Earth’s quasi-moon Kamo’oalewa is not made of cheese
That our planet has a moon is generally accepted, though one popular conception of its composition is doubtful. What isn’t so well known is that Terra has a number of quasi-moons: small objects that remain close to the plant while they orbit the sun. Despite being nearby, quasi-moons are difficult to observe, and so little is known about their origin or composition.
One such Terran quasi-moon is Kamo’oalewa, an asteroid whose orbit transitions between quasi-satellite and horseshoe orbital states.
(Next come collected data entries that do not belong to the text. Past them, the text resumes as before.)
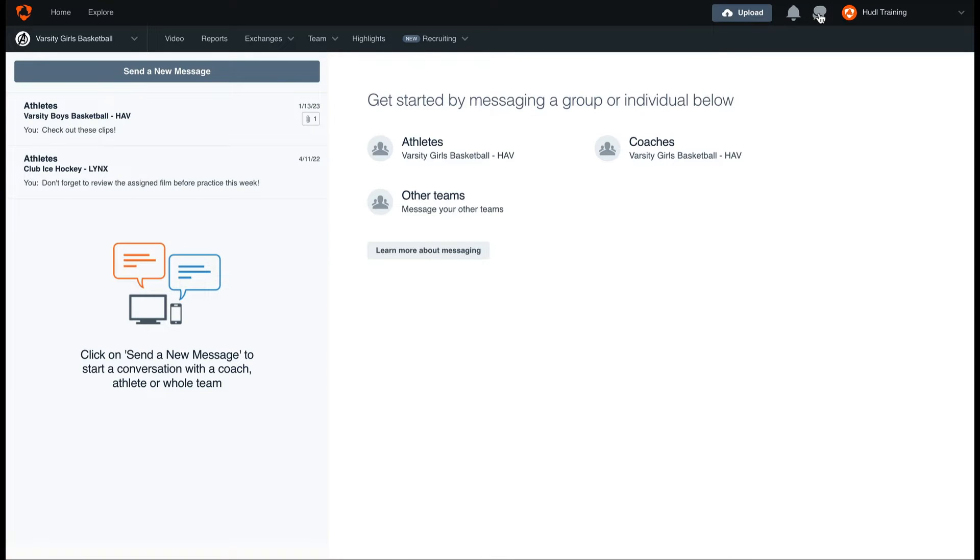From here you can create a new message or start a new conversation. You can also view any messages that you have already sent or received.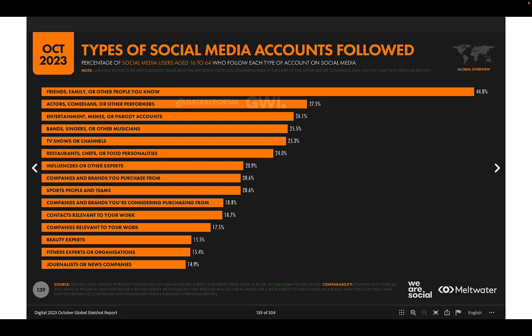When looking at the types of social media accounts people follow, they primarily follow friends and family, then celebrities, then entertainment accounts. While celebrities have large follower counts, there's a very significant difference in the level of trust, influence, and engagement expectations between following a friend or family member versus following a celebrity.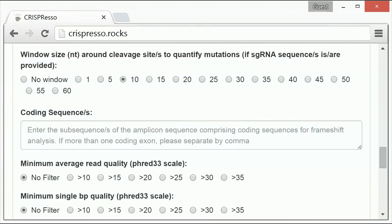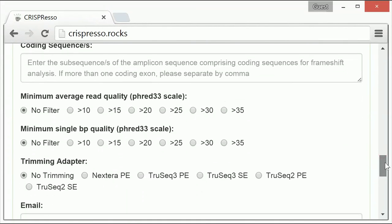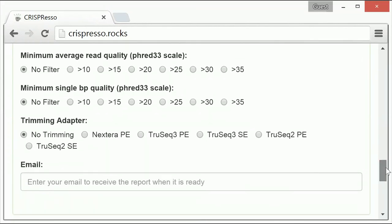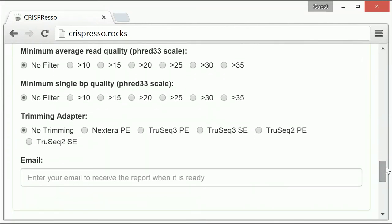The seventh and eighth optional parameters provide two options to filter reads according to sequencing data quality. The first is for filtering based on minimum average read quality, and the second is filtering based on minimum single base pair quality, both using the FRED 33 scale, which provides a quality score for deep sequencing data.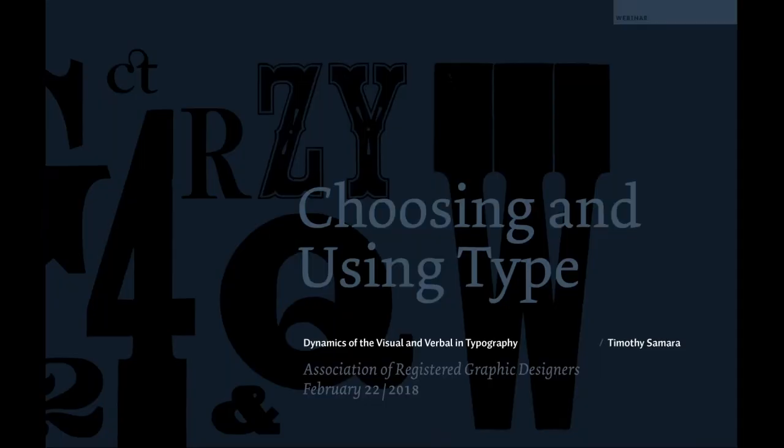Hi everyone, my name is Amanda Koo and I'd like to welcome you to RGD's webinar, Choosing and Using Type, presented by Timothy Samira. Timothy is a New York-based graphic designer who splits his time between professional practice and teaching. He is a frequent lecturer and contributor to design publications both in the U.S. and abroad. Samira has written eight books on design that have been translated into ten languages and are used by students and practitioners around the world.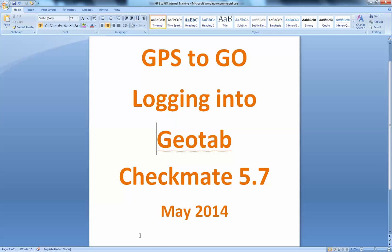Hi everybody, it's Russ Salo here with GPS2Go and welcome to today's simple and informative logging into the Geotab Checkmate 5.7.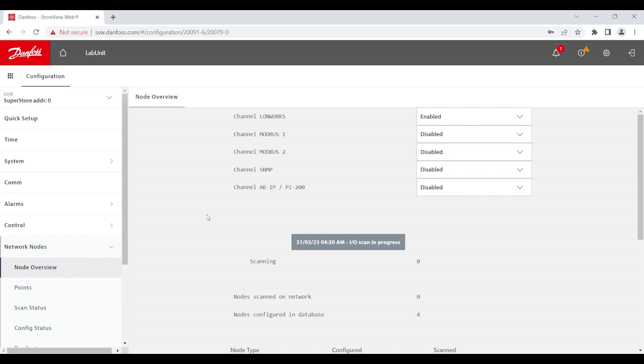In the node overview, make sure the communication protocol that you're using is enabled. Channel LonWorks and Channel Modbus are commonly used.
The name Kamo’oalewa derives from a Hawaiian word referring to an oscillating celestial object.
Given its orbit, it is thought that Kamo’oalewa originated in the Terra-Moon system as a fragment of the Moon, possibly as ejected debris from a meteor impact on its surface, or otherwise the gravitational breakup of a larger body during a close encounter. Thanks to Tucson-based planetary astronomer Benjamin Sharkey and others using the Large Binocular Telescope and Lowell Discovery Telescope in Arizona, we now learn that Kamo’oalewa has a red reflectance spectrum very similar to that of minerals on the Moon’s surface.
Sharkey and his colleagues show that the spectrum of Kamo’oalewa suggests a silicate composition, but with a reddening beyond that usual for asteroids in the inner solar system. The best compositional match is with lunar silicates.
The latest finding does not, however, confirm the lunar origin hypothesis. Kamo’oalewa could, for example, come from an as-yet undiscovered quasi-stable population of Terra’s so-called Trojan asteroids orbiting near the L4 and L5 Lagrange points between planet and sun.